In a recently unsealed qui tam action filed under New York State’s False Claims Act, a former lawyer with Vanguard Group Inc. claims that the company has been evading more than $1 billion in federal taxes and more than $20 million in New York State taxes. State of New York ex rel David Danon v. Vanguard Group, Inc., No. 100711-13 (Sup. Ct, N.Y. Cnty, May 8, 2013).
The complaint alleges that Vanguard has “operated as an illegal tax shelter for nearly forty years,” relying, among other arguments, on contentions that Vanguard did not file income tax returns before 2011, despite “clearly meeting the ‘doing business/nexus’ standard”; on claims that, when Vanguard did begin filing returns, it did not follow New York’s shareholder sourcing rules for apportionment; and on claims that it “violate[d]” New York Tax Law Section 211.5 and Internal Revenue Code Section 482 by providing services to related parties – the Vanguard group of mutual funds – at artificially low prices.

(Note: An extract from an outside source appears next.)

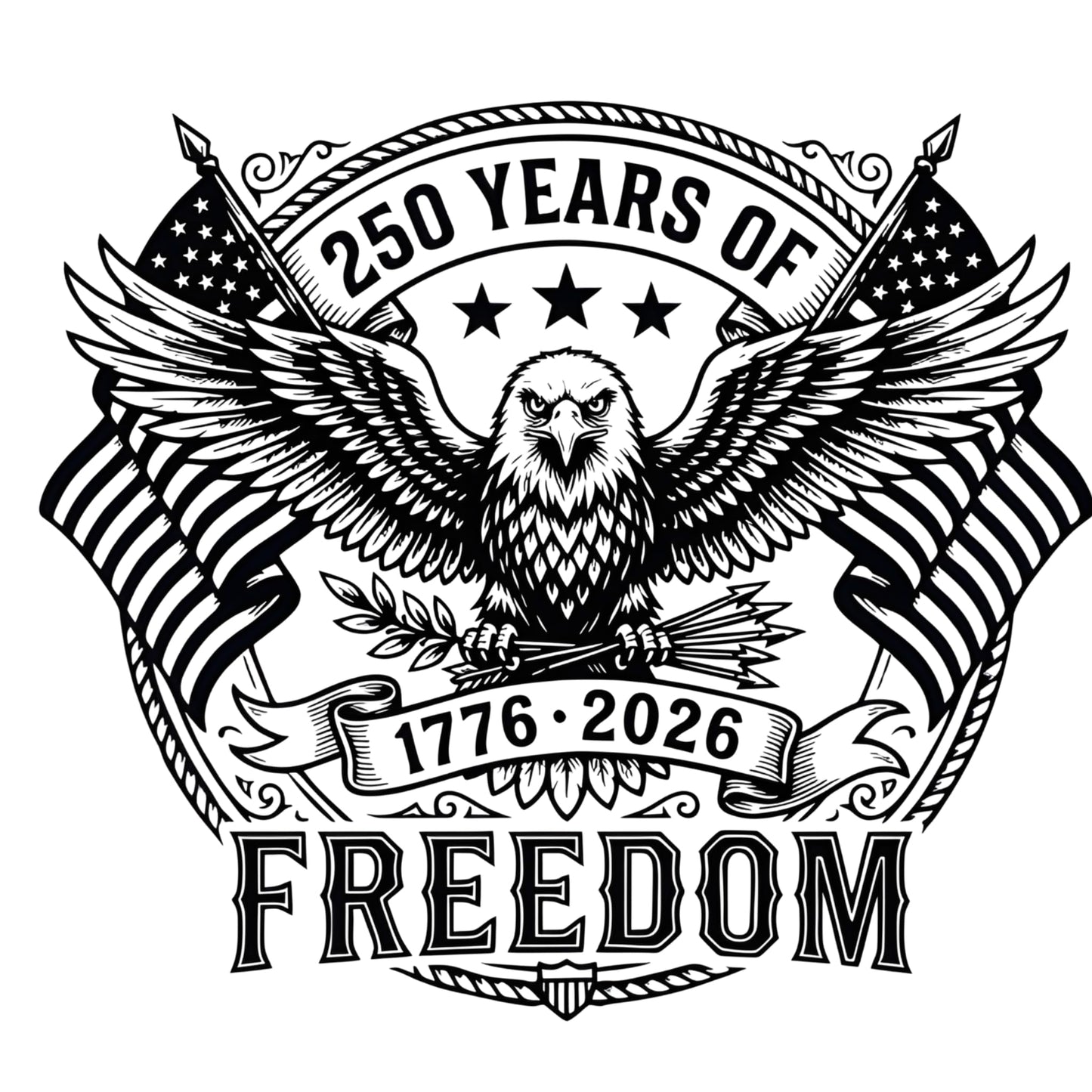 2pcs USA 250th Anniversary Merchandise - Patriotic 1776-2026 Vinyl Car Decals and Bumper Stickers for Cars, Trucks, Vehicles, 250 Years Commemorative Window Decal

The complaint also alleges that Vanguard “knowingly and fraudulently” failed to pay tax on its $1.5 billion “Contingency Reserve,” violating the principle that income is taxable when it is actually or constructively received or due and payable. The complaint further claims that Vanguard’s failure to include the Contingency Reserve on its “IRS Uncertain Tax Positions Schedule (the ‘Schedule UTP’)” constitutes a “fraudulent effort to conceal” the inaccurate reporting of its Contingency Reserve.
Unlike the situation in State of New York v. Sprint Nextel Corp., 114 A.D. 3d 622, leave to appeal granted (1st Dep’t June 12, 2014), where the State Attorney General took over prosecution of the suit, here the Attorney General, after investigation, has declined to convert the case into a civil enforcement action, so the case is being brought by the whistleblower himself. He has also included conspiracy allegations, and claims that he was retaliated against by having been demoted and discharged by the company. He is seeking between 15 and 30 percent of all funds obtained by state and local governments.
The complaint was originally filed under seal in 2013, and then unsealed this summer and made widely available on the Internet. After application by Vanguard on August 15, 2014, the court redacted from the public file certain paragraphs of the complaint, although the publicly available docket file does not specify the protected paragraphs. Vanguard has stated that it denies the allegations and intends to defend itself vigorously.
This complaint raises many novel and troublesome questions. It is the first large corporate income tax case made public under the New York False Claims Act, and the first to include a retaliation claim. According to press reports, the attorney for Mr. Danon, the whistleblower, has said that New York was chosen as the location for the lawsuit because it is the only jurisdiction in the United States that has a False Claims Act that would cover these claims, raising the question of whether New York’s statute will result in the filing of more such claims here because of such a uniquely wide-reaching statute, and whether it is an appropriate role for the New York courts to hear what may be increasingly dramatic claims of widespread alleged tax violations brought by whistleblowers seeking large recoveries.
While it is difficult to evaluate the merits of most of the lawsuit’s claims without further information, the claim that a New York taxpayer committed fraud by “violating” Tax Law Section 211.5 seems particularly tenuous, since it is a discretionary statute, allowing the Department the discretion to adjust intercompany pricing if it finds that any agreement or understanding between the taxpayer and a related party has resulted in an inaccurate reflection of the taxpayer’s income. Nothing in Section 211.5 imposes an affirmative obligation on a company to make pricing adjustments, so it is hard to understand how a claim of fraud could be based on “violating” this statute.
In addition, there have been press reports that Mr. Danon has also filed a whistleblower claim with the Securities and Exchange Commission, and that Vanguard has demanded from Mr. Danon’s attorney the return of confidential documents allegedly taken from the company when he was employed there as an attorney. The fact that Mr. Danon is an attorney also raises important issues about whether in-house lawyers can use information they learned from their confidential relationship with their employer-clients to file public claims based on such information, and profitthereby under the provisions of False Claims Acts that allow whistleblowers to receive portions of the monies recovered by the government.